TASK BRIEF = For this exercise, transcribe all the entries exactly as given and omit the images.

MATERIAL PROVIDED =
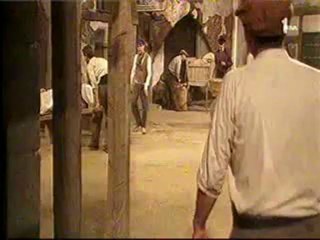 Tajna Starog Mosta ep 184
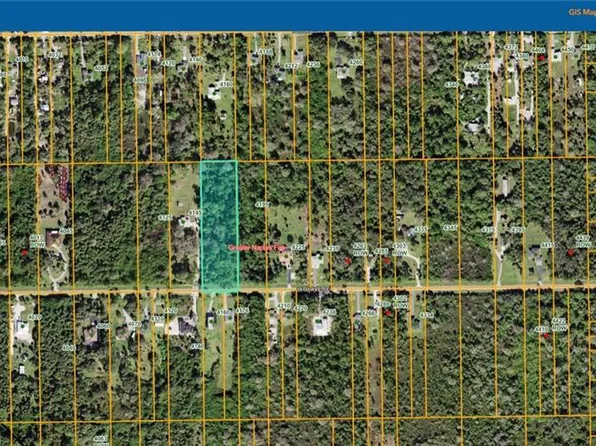 000 18th AVE SE, NAPLES, FL 34117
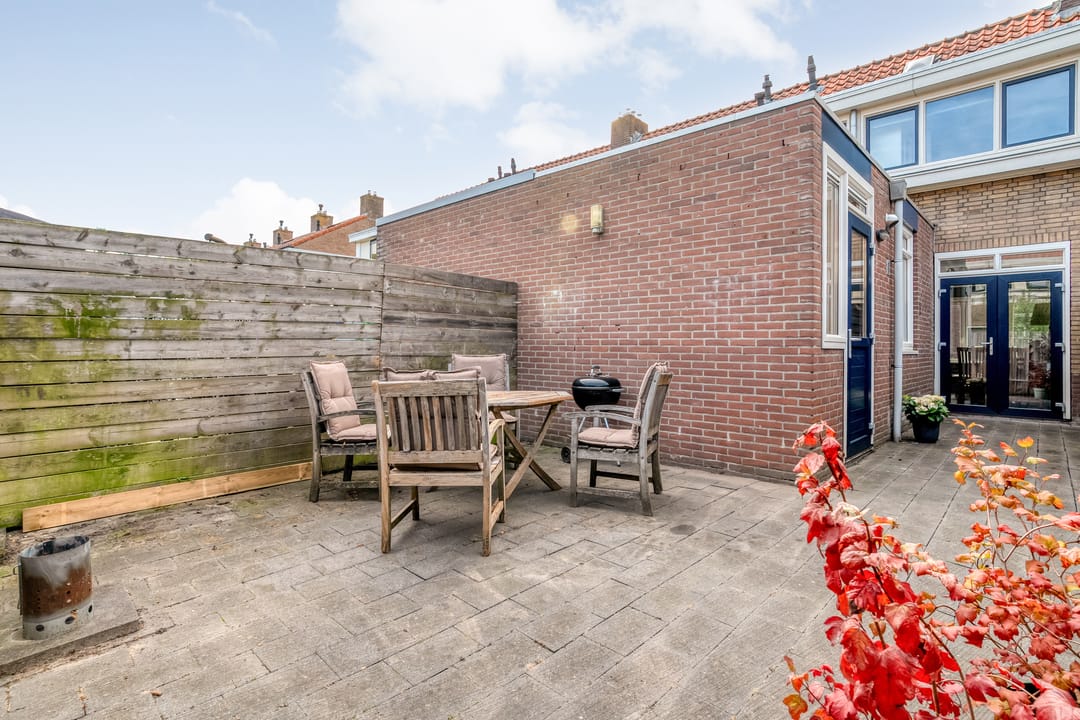 Foto 28 van Wilgenstraat 38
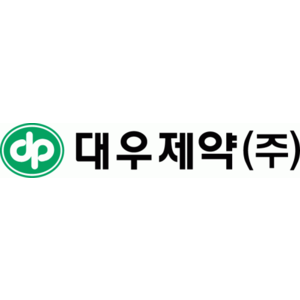 회사 로고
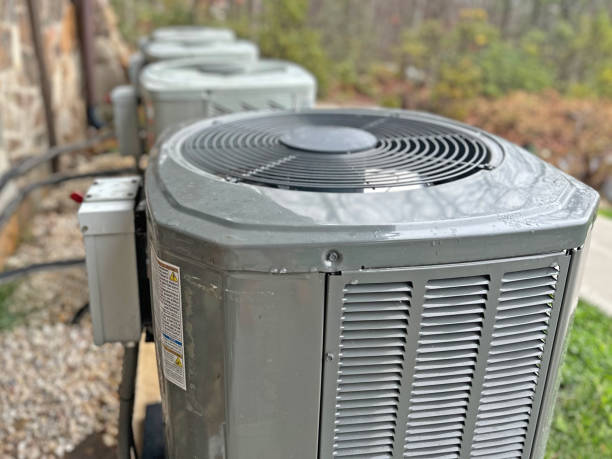 Best HVAC Replacement Cost  in Four Cners, OR
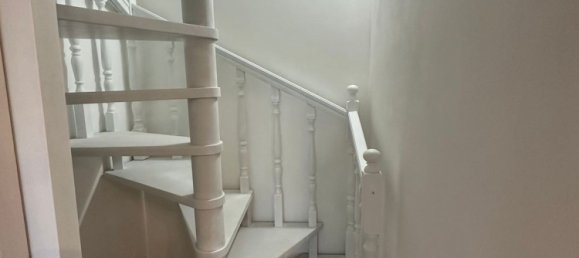 Casa de 3 habitaciónes en Serramazzoni, Italy No. 117185 11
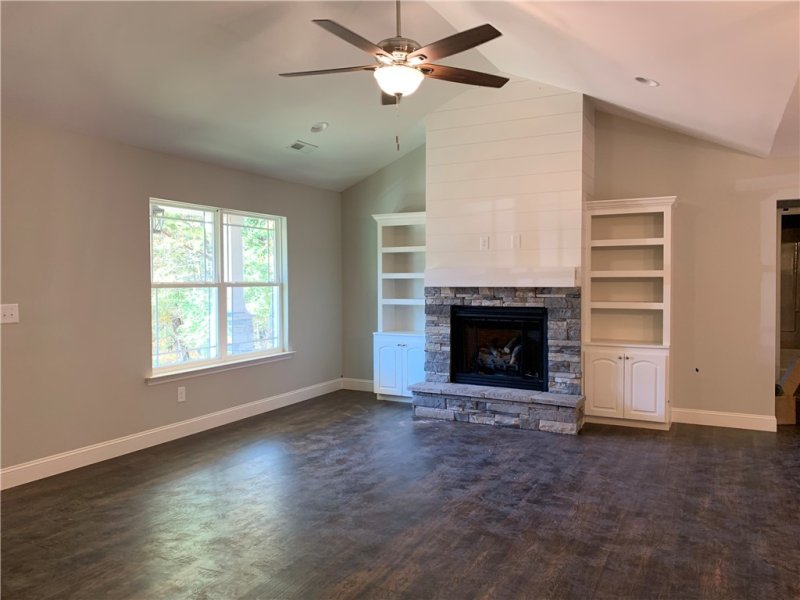 Property image 4 at 308 Windy Knoll Court, Westminster, SC 29693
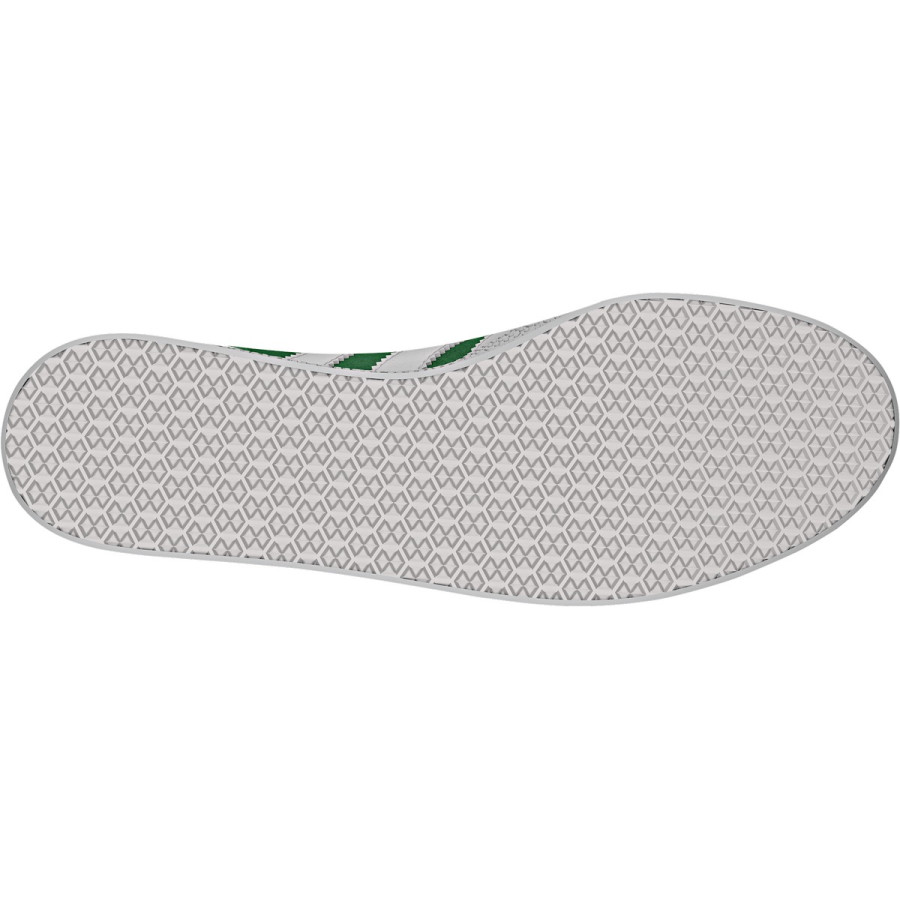 adidas Patike GAZELLE 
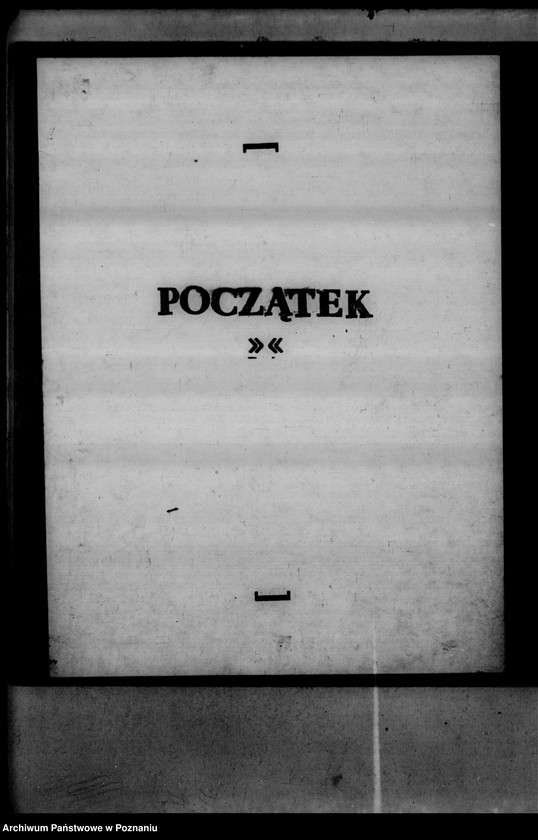 Obraz 3 z jednostki "Opodatkowanie odpraw wypłacanych byłym pracownikom rozparcelowanych majątków ziemskich"
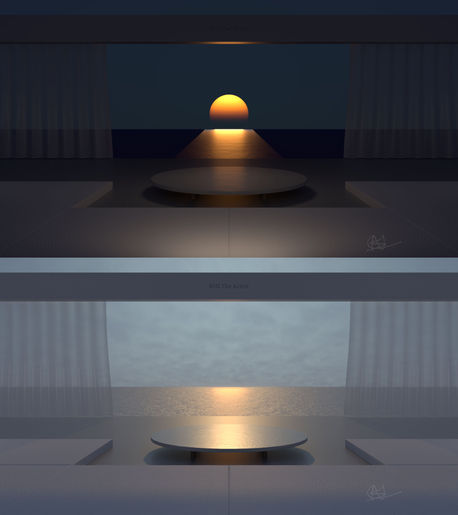 NiN's Work - Vacation scene.jpg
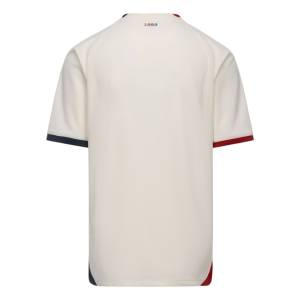 Maillot Genoa Exterieur 2026 2027 (2)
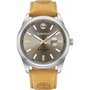 Montre Homme Timberland OXFORD (Ø 45 mm)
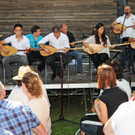 Gemeinsam-Fest 07-06-2014 205.jpg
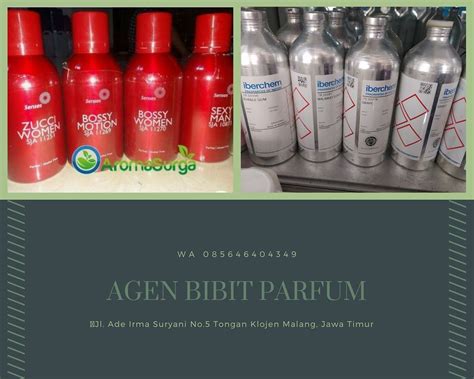 Wa 0822 3691 0007 Agen Bibit Parfum Kubu Raya Wa 0822 3691 Flickr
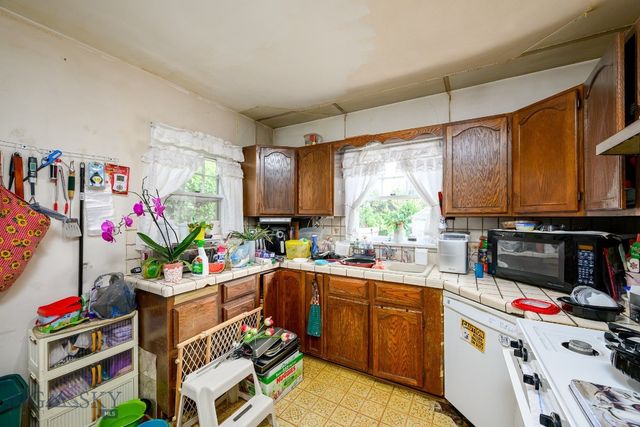 338 Wyoming Avenue, Billings, MT 59101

ANSWER AREA =
 Tajna Starog Mosta ep 184
 000 18th AVE SE, NAPLES, FL 34117
 Foto 28 van Wilgenstraat 38
 회사 로고
 Best HVAC Replacement Cost  in Four Cners, OR
 Casa de 3 habitaciónes en Serramazzoni, Italy No. 117185 11
 Property image 4 at 308 Windy Knoll Court, Westminster, SC 29693
 adidas Patike GAZELLE 
 Obraz 3 z jednostki "Opodatkowanie odpraw wypłacanych byłym pracownikom rozparcelowanych majątków ziemskich"
 NiN's Work - Vacation scene.jpg
 Maillot Genoa Exterieur 2026 2027 (2)
 Montre Homme Timberland OXFORD (Ø 45 mm)
 Gemeinsam-Fest 07-06-2014 205.jpg
 Wa 0822 3691 0007 Agen Bibit Parfum Kubu Raya Wa 0822 3691 Flickr
 338 Wyoming Avenue, Billings, MT 59101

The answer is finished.